# YOUR INSTRUCTIONS
Please copy exactly the part of the records below that opens with the line containing "Homme debout portant" and closes with the line containing "Красный Тесла Model", leaving out any pictures.

** INPUT DATA follows **

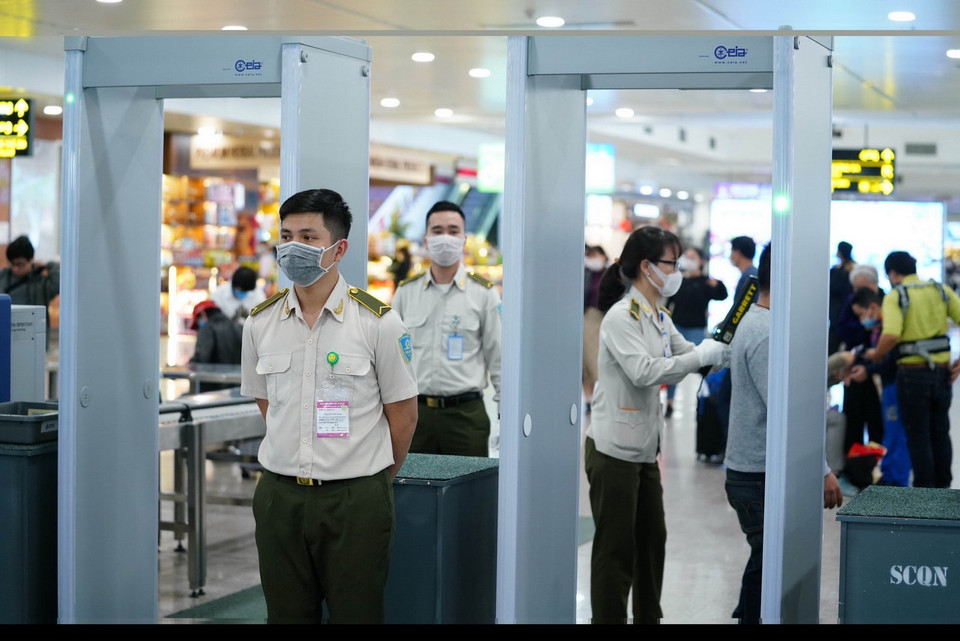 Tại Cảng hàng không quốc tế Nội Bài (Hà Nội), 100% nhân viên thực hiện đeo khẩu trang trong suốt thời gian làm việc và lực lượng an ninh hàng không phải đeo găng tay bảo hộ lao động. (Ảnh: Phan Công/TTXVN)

** End of INPUT DATA **
** INPUT DATA follows **

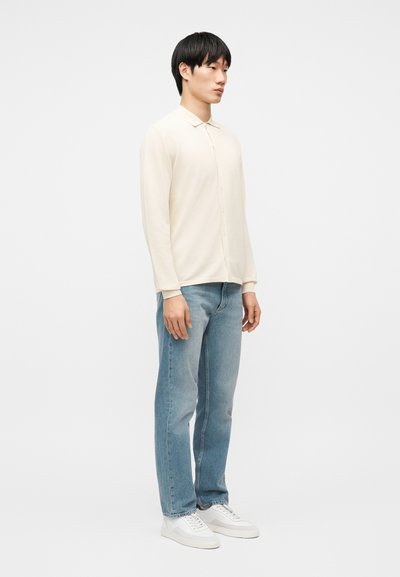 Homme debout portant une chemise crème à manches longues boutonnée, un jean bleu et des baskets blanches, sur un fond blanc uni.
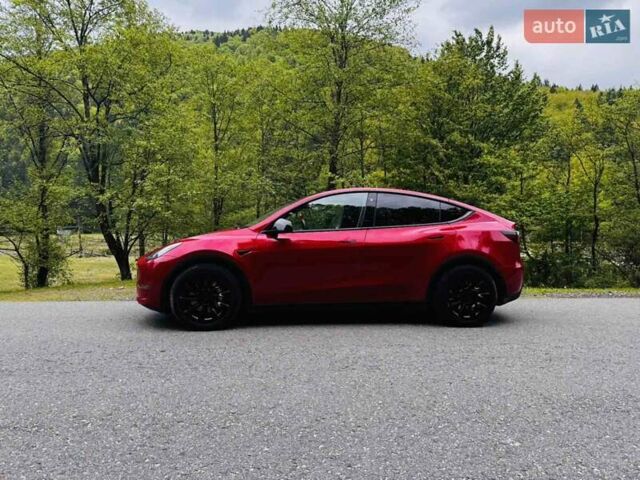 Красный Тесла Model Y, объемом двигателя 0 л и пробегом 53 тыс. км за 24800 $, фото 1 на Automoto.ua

** End of INPUT DATA **

# RESPONSE BELOW
 Homme debout portant une chemise crème à manches longues boutonnée, un jean bleu et des baskets blanches, sur un fond blanc uni.
 Красный Тесла Model Y, объемом двигателя 0 л и пробегом 53 тыс. км за 24800 $, фото 1 на Automoto.ua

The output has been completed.